The Pomeroy treatise draws these conclusions :

“'Finally, the most important doctrine, perhaps, which results from the principle, Equality is equity, is that of contribution (see § 1418) among joint debtors, co-sureties, co-contractors, and all others upon whom the same pecuniary obligation arising from contract, express or implied, rests. This doctrine is evidently based upon the notion that the burden in all such cases would be equally borne by all the persons upon whom it is imposed, and its necessary effect is to equalize that burden whenever one of the parties has, in pursuance of his mere legal liability, paid or been compelled to pay the whole amount, or any amount greater than his proportionate share. No more fust doctrine is found in the entire range of equity; * * *.” 2 Pomeroy, Equity Jurisprudence § 411, at 157-58 (5th ed. 1941).

It has been said that “[i]n insurance law the term ‘contribution’ has a fixed, legal meaning. It is a principle sanctioned in equity, and arises between coinsurers only, permitting one who has paid the whole loss to obtain contribution from other insurers who are also liable therefor.” National Fire Ins. Co. v. Dennison, 93 Ohio St. 404, 113 N.E. 260, 262, L.R.A.1916F, 992 (Ohio 1916). It is grounded on general principles of justice not resting on contract. I perceive no convincing reason why this principle should not be applicable to pro rata liability insurers who are coinsurers of the same risk. Inherent in their respective legal obligations is a common burden, a joint interest of liability.
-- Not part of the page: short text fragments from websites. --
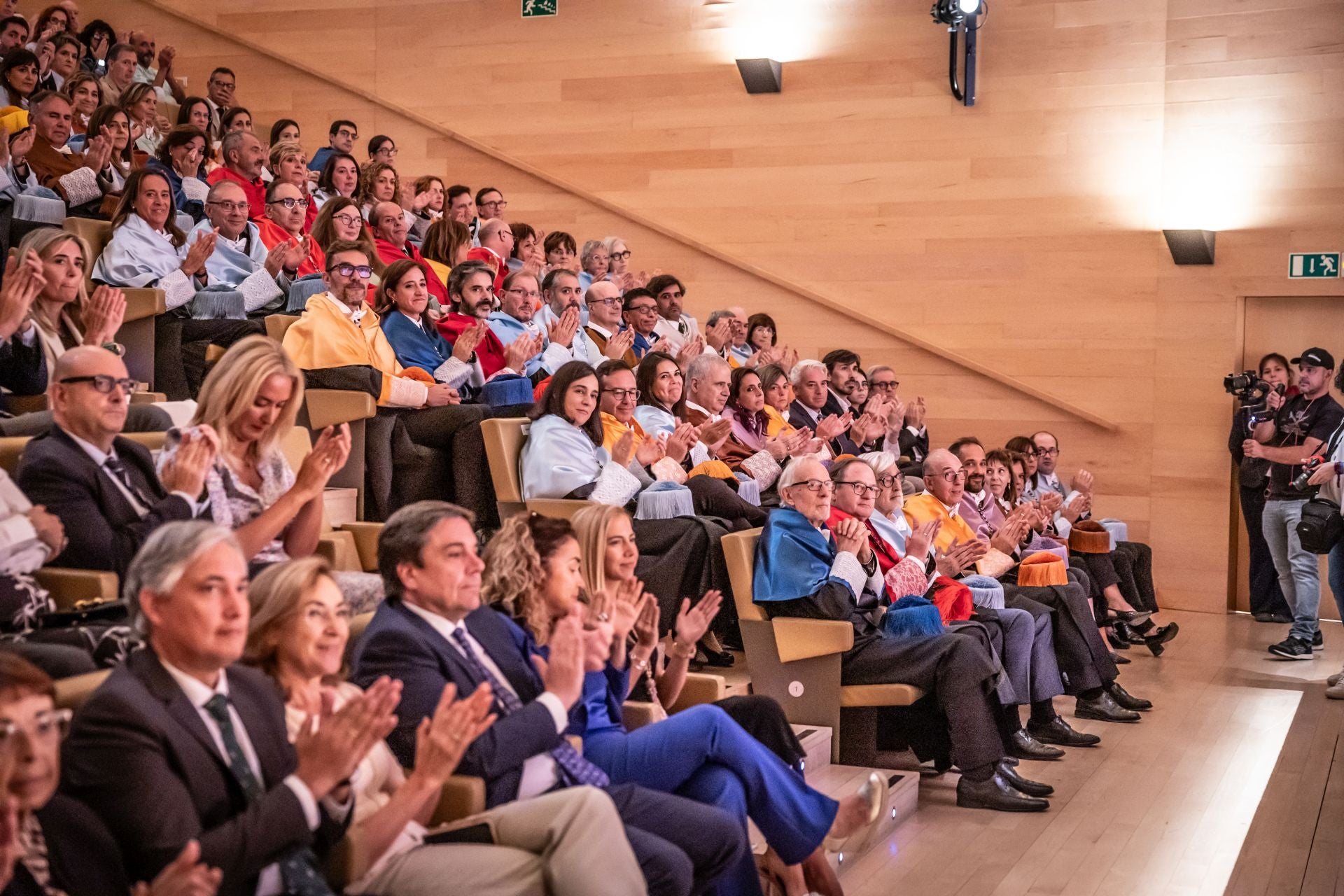 Las imágenes de la apertura del curso académico de la UR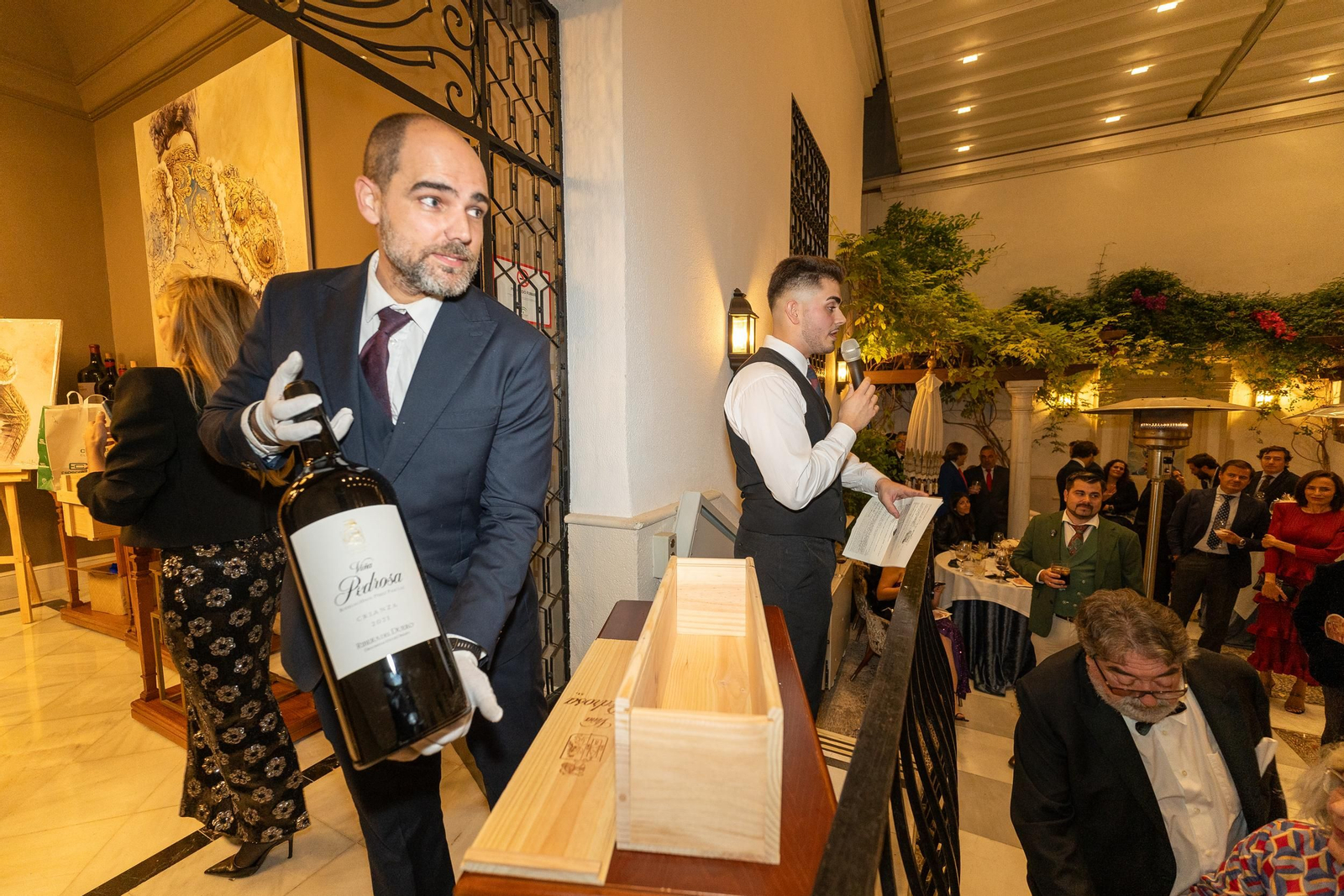 En imágenes, la Cena de Gala Benéfica de La Casa de Manolete Bistró a favor de los afectados por la DANA en Valencia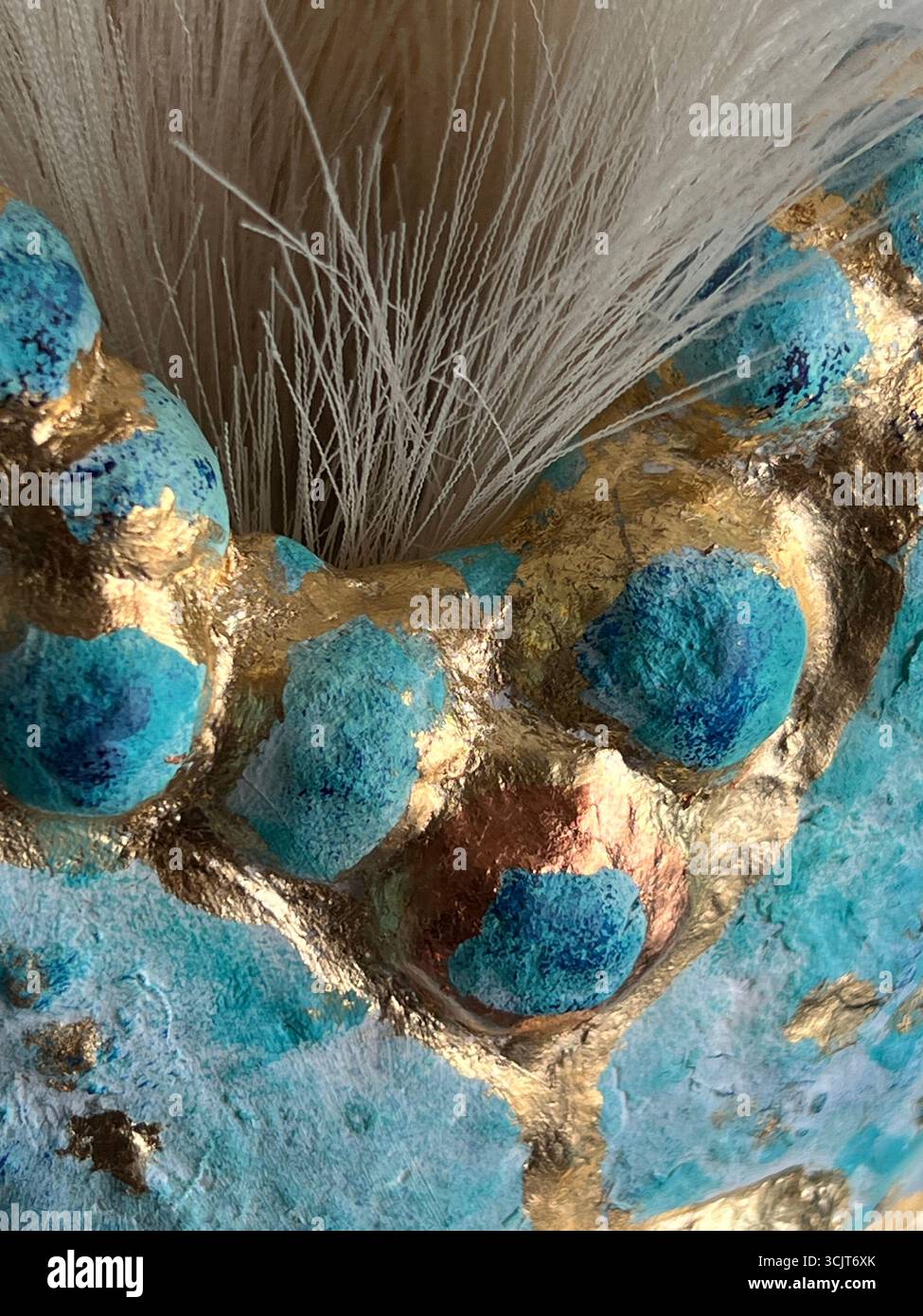 Voluminöse Textur einer Pappvase mâché, blaue Farbe, abstrakter Hintergrund, mit Goldpotal, Detail einer Vase für den Hintergrund - Smartphone-aufgenommenes Stockfoto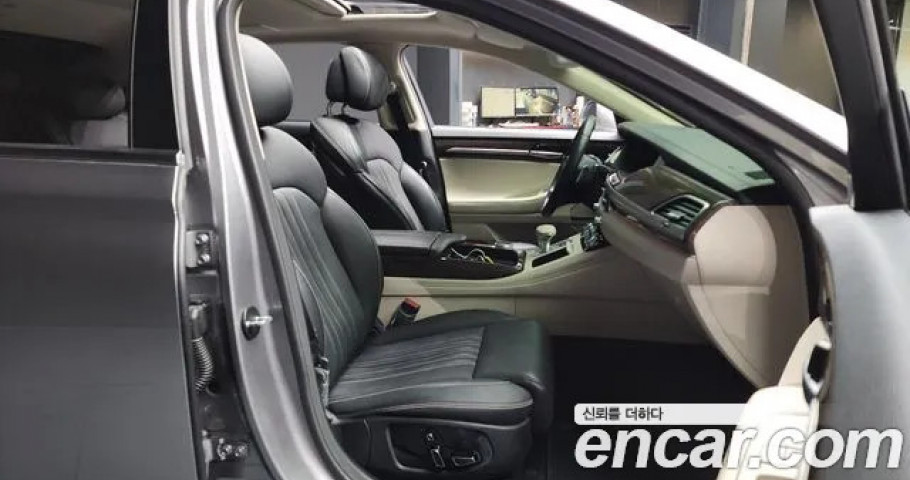 Genesis G90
Under circumstances of default by one, as here, the existence or not of liability of each for the entire loss should not be a determining consideration in resolving the right of a performing insurer to contribution to the extent it has paid the proportionate obligation of the other.

In the trial court, Employers moved for summary judgment upon the proposition that Prior Products was an insured under the policy issued by Transport to Hunsaker from whom Prior Products leased the truck involved in the accident; and that, such being the case, Transport was under the obligation of defense and of pro rata satisfaction of liability from the accident in question. Transport asserted in its reply that there were issues of fact with respect to the breach by Prior Products of certain notice conditions in the policy issued to Hun-saker and in requiring the immediate forwarding of process served on Prior Products ; Transport also asserted that its policy of insurance was excess insurance over the policy issued by Employers to Prior Products, if applicable at all. The trial court granted Employers’ motion for summary judgment, and in so doing necessarily found that there were no genuine issues of material fact in the respects asserted by Transport. Transport in its appeal to the intermediate court did not assert by point of error or otherwise the existence of issues of fact. Its whole position there was, and here is, that, as a matter of law, Employers was not entitled to contribution from Transport. I would hold that Employers may invoke the remedy of contribution which would require an affirmance of the error-less judgment of the trial court. See Scott v. Liebman, 404 S.W.2d 288 (Tex.Sup.1966).

GREENHILL and REAVLEY, JJ., join in this dissent. 
      
      . Emphasis ours throughout unless otherwise indicated.
     
      
      . Prior Products was subsequently determined to be a common insured, the trial court necessarily concluding that the Transport policy extended liability coverage to Prior Products since it decreed that Employers was entitled to contribution from Transport. This was not challenged by Transport in its appeal from the adverse summary judgment.